Precious opal shows play of color — the rainbow flash that moves as the stone is rotated, caused by microscopic silica spheres diffracting light. Common opal does not show play of color; it is opaque to translucent and prized for its body color (pink, blue, green, yellow, etc.) rather than its flash. Most opal in the bead trade is common opal — Peruvian pink, blue, green, and yellow opal are all common opal. Play-of-color opal beads (Ethiopian Welo, occasional Australian) are specialty and stocked intermittently. -
Is opal soft? Can it scratch easily?
Opal is Mohs 5.5–6.5 — softer than agate, jasper, and quartz (all 6.5–7). Opal beads can scratch against harder beads on the same strand or against metal findings during wear. For mixed-stone designs, pair opal with stones of similar hardness or use softer spacers to protect the opal surface. Opal works well in earrings, pendants, necklaces, and low-impact bracelets; ring use is possible but reserves the stone for less-active wear. -
Why does opal crack? What is crazing?
Crazing is a fine network of internal cracks that develops in opal when the stone dehydrates too rapidly. Opal contains 3–21% water by weight locked into its silica gel structure; if that water is lost quickly — through direct sun exposure, heat sources, dry indoor environments, or ultrasonic cleaners — the structure can fracture internally. Crazing is permanent. Standard care: store opal away from direct heat, clean with a damp soft cloth not solvents, avoid ultrasonic and steam cleaning, and avoid prolonged direct sunlight. -
Is Ethiopian opal different from other opal?

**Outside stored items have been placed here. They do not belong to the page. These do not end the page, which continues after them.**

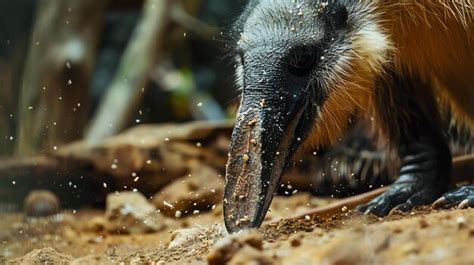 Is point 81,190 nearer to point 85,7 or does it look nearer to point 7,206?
point 7,206

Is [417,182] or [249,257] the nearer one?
[249,257]

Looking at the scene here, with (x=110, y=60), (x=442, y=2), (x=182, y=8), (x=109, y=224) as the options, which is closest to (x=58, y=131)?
(x=109, y=224)

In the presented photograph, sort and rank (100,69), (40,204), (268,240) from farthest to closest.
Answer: (100,69) < (40,204) < (268,240)

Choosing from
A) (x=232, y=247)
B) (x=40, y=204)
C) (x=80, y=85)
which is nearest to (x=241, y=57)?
(x=232, y=247)

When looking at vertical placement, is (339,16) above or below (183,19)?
below

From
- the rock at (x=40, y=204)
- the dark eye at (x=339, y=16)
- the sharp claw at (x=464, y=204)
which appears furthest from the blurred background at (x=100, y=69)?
the sharp claw at (x=464, y=204)

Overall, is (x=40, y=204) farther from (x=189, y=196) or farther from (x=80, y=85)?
(x=80, y=85)

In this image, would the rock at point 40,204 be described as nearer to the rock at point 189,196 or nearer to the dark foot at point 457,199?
the rock at point 189,196

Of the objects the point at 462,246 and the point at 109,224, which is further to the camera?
the point at 109,224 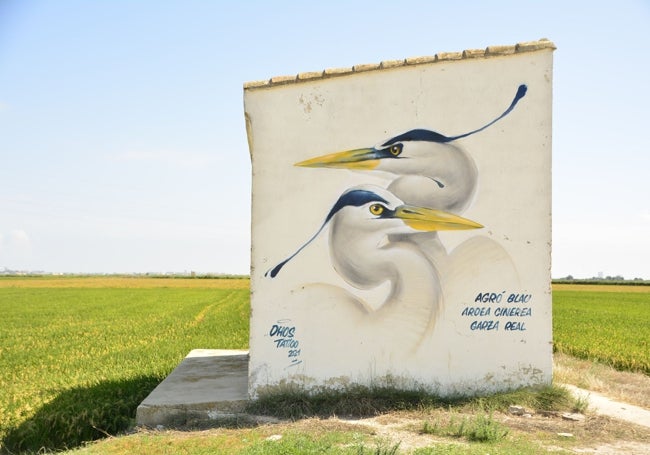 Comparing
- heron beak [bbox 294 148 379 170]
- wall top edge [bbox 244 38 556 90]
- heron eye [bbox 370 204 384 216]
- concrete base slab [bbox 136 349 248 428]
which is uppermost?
wall top edge [bbox 244 38 556 90]

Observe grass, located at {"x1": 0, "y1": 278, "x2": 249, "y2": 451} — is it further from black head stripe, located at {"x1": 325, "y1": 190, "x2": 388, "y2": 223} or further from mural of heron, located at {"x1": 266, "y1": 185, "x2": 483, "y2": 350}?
black head stripe, located at {"x1": 325, "y1": 190, "x2": 388, "y2": 223}

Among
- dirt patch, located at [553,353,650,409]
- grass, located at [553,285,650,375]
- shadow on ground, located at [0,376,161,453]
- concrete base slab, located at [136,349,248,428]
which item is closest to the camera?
concrete base slab, located at [136,349,248,428]

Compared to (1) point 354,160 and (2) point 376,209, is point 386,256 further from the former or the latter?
(1) point 354,160

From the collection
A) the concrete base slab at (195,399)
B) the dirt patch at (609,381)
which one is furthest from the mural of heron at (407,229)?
the dirt patch at (609,381)

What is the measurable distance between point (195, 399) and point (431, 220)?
13.7ft

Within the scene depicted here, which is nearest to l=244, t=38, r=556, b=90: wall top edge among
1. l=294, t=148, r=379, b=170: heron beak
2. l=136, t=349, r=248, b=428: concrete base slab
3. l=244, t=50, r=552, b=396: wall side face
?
l=244, t=50, r=552, b=396: wall side face

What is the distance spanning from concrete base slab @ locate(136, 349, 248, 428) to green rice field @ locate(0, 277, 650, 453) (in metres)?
0.44

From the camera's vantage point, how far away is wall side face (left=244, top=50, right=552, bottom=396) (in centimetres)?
829

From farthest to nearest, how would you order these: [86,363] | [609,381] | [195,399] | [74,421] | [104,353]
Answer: [104,353] < [86,363] < [609,381] < [74,421] < [195,399]

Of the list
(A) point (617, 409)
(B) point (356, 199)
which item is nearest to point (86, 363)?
(B) point (356, 199)

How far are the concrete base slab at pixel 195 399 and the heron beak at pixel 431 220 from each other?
11.3 feet

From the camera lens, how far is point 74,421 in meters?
8.37

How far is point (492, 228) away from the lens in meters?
8.38

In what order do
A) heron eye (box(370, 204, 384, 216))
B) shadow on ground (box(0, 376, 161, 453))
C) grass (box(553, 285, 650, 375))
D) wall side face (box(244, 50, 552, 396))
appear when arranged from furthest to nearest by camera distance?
grass (box(553, 285, 650, 375)), heron eye (box(370, 204, 384, 216)), wall side face (box(244, 50, 552, 396)), shadow on ground (box(0, 376, 161, 453)) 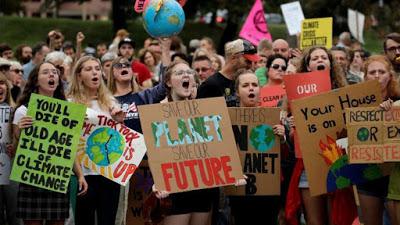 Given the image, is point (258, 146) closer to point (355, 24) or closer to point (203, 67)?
point (203, 67)

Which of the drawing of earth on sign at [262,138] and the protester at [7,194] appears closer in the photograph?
the drawing of earth on sign at [262,138]

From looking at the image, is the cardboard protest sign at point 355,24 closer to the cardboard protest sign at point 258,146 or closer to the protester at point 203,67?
the protester at point 203,67

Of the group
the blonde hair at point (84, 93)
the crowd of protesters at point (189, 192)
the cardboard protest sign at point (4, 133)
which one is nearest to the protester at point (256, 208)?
the crowd of protesters at point (189, 192)

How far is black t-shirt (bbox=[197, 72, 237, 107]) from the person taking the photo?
29.8 feet

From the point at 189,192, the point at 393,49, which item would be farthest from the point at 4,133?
the point at 393,49

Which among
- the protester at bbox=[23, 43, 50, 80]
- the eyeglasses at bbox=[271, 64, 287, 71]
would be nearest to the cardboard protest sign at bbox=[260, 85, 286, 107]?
the eyeglasses at bbox=[271, 64, 287, 71]

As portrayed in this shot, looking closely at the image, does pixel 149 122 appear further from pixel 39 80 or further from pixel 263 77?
pixel 263 77

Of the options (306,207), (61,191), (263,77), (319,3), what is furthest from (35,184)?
(319,3)

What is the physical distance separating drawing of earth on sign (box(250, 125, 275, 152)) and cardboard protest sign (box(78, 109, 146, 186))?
3.30 ft

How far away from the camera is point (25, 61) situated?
15523mm

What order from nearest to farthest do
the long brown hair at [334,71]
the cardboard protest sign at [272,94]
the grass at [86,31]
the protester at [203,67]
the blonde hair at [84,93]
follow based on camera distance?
the blonde hair at [84,93]
the long brown hair at [334,71]
the cardboard protest sign at [272,94]
the protester at [203,67]
the grass at [86,31]

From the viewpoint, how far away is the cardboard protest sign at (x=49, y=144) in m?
8.48

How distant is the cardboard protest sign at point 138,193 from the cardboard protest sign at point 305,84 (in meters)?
1.47

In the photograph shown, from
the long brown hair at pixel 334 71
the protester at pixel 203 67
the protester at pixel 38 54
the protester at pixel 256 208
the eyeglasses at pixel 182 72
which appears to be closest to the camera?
the eyeglasses at pixel 182 72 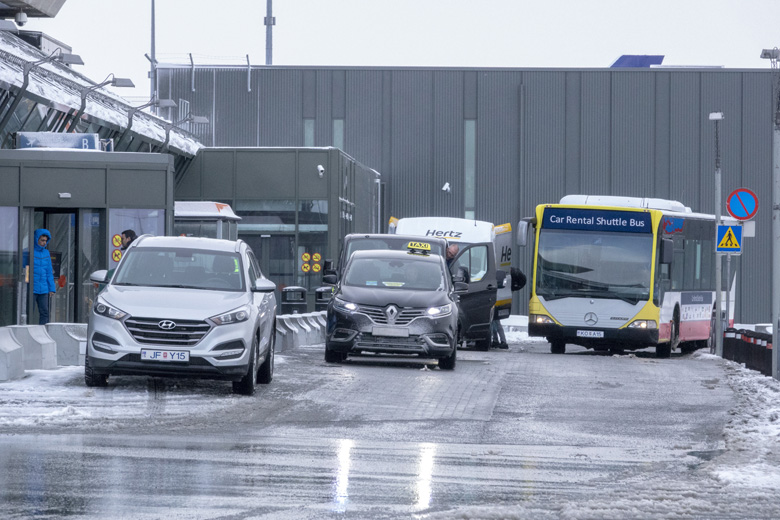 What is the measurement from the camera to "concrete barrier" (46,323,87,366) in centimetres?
1759

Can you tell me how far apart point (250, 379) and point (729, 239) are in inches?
685

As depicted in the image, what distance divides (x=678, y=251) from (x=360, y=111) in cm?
2772

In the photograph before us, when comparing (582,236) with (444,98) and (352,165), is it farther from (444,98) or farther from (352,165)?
(444,98)

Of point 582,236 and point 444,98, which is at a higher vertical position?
point 444,98

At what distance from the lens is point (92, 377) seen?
14.2 metres

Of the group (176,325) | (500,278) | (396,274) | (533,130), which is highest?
(533,130)

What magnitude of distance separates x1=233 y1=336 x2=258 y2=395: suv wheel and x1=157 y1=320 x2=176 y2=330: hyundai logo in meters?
0.91

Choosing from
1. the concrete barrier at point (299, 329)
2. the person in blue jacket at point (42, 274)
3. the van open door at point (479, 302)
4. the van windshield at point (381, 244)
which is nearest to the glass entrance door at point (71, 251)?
the person in blue jacket at point (42, 274)

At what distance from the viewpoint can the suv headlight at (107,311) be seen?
546 inches

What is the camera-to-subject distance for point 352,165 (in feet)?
142

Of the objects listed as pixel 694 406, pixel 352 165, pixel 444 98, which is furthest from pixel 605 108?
pixel 694 406

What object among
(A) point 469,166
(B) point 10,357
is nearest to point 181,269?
(B) point 10,357

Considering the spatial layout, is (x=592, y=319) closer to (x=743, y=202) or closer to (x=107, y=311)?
(x=743, y=202)

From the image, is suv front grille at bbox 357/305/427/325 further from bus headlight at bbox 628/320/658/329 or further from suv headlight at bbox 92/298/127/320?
bus headlight at bbox 628/320/658/329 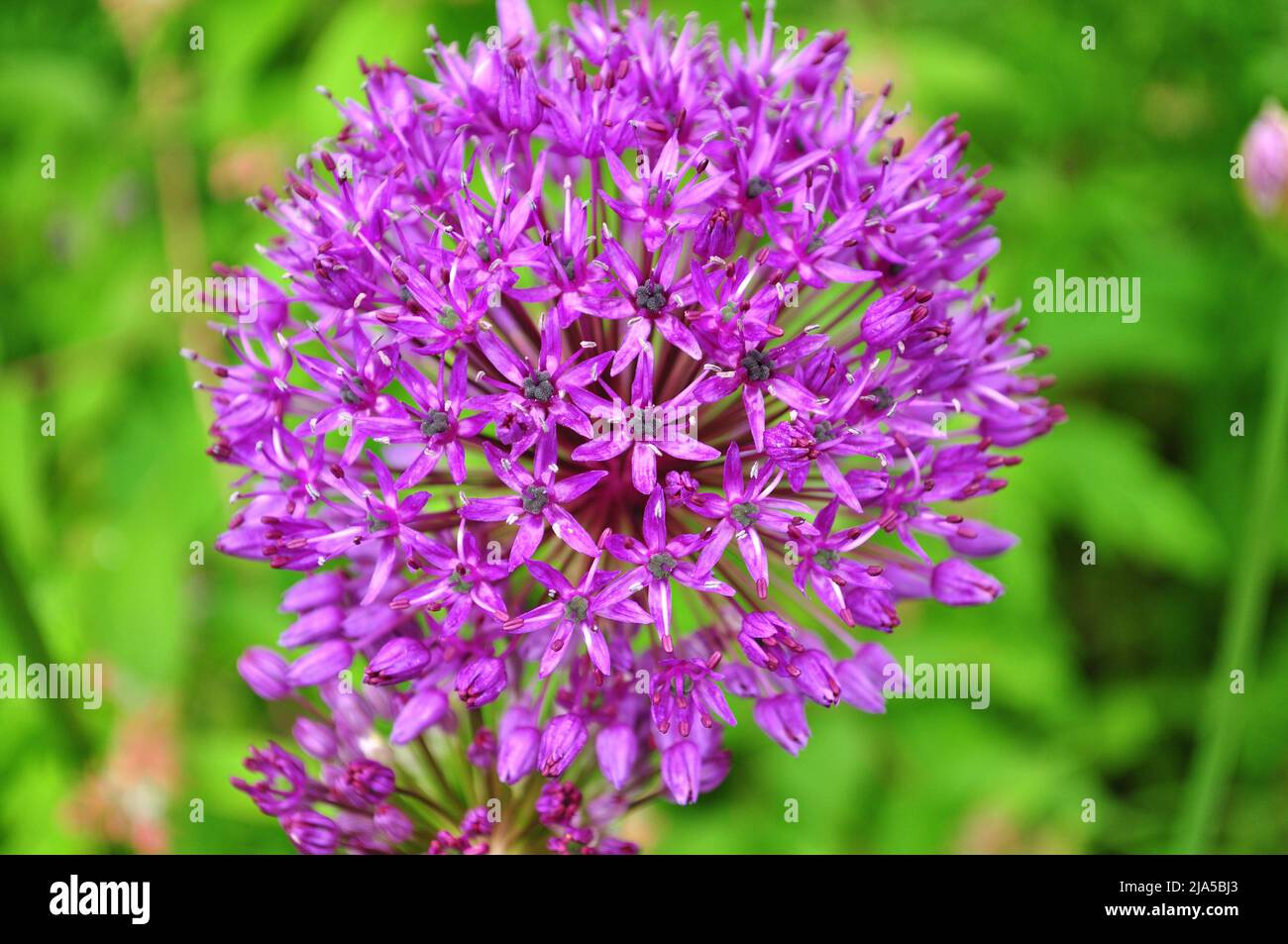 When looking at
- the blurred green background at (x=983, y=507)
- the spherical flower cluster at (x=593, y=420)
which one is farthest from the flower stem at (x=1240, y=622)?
the spherical flower cluster at (x=593, y=420)

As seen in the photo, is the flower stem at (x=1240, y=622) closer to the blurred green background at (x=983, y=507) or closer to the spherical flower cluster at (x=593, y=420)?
the blurred green background at (x=983, y=507)

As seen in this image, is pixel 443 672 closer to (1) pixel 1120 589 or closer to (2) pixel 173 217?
(2) pixel 173 217

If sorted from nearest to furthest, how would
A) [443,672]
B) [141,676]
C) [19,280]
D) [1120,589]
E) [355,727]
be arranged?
[443,672]
[355,727]
[141,676]
[19,280]
[1120,589]

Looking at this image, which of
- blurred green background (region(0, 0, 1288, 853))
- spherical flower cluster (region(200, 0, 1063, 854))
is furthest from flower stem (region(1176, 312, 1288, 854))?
spherical flower cluster (region(200, 0, 1063, 854))

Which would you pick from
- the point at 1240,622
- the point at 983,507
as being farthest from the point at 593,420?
the point at 1240,622

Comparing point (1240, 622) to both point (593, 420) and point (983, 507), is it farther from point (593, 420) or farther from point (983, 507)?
point (593, 420)

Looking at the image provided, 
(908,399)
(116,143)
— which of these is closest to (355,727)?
(908,399)

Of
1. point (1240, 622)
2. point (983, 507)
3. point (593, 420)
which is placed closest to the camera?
point (593, 420) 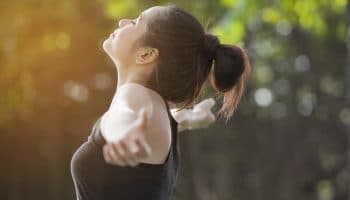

Ethiopian opal (often called Welo opal after the Wollo Province where it's mined) is hydrophane — it absorbs water and temporarily loses transparency when wet, returning to normal as it dries. This is a property of the porous silica structure unique to certain opal deposits. Practically: don't submerge Welo opal during wear (showers, swimming), avoid ultrasonic and steam cleaning, and let it dry naturally if it does get wet. The visual change is temporary if brief, but repeated wet/dry cycles stress the stone. -
Is yellow opal natural or dyed?
Both exist in the bead market. Natural yellow opal — often Indonesian or Mexican common opal — is a muted mustard to honey tone. Bright neon yellow or saturated lemon-yellow is a dye signal; natural opal's palette is soft. Treatment, when present — ask before buying if a strand doesn't specify. Across Dakota's catalog, color tags identify yellow opal but treatment posture per strand should be confirmed on the individual listing.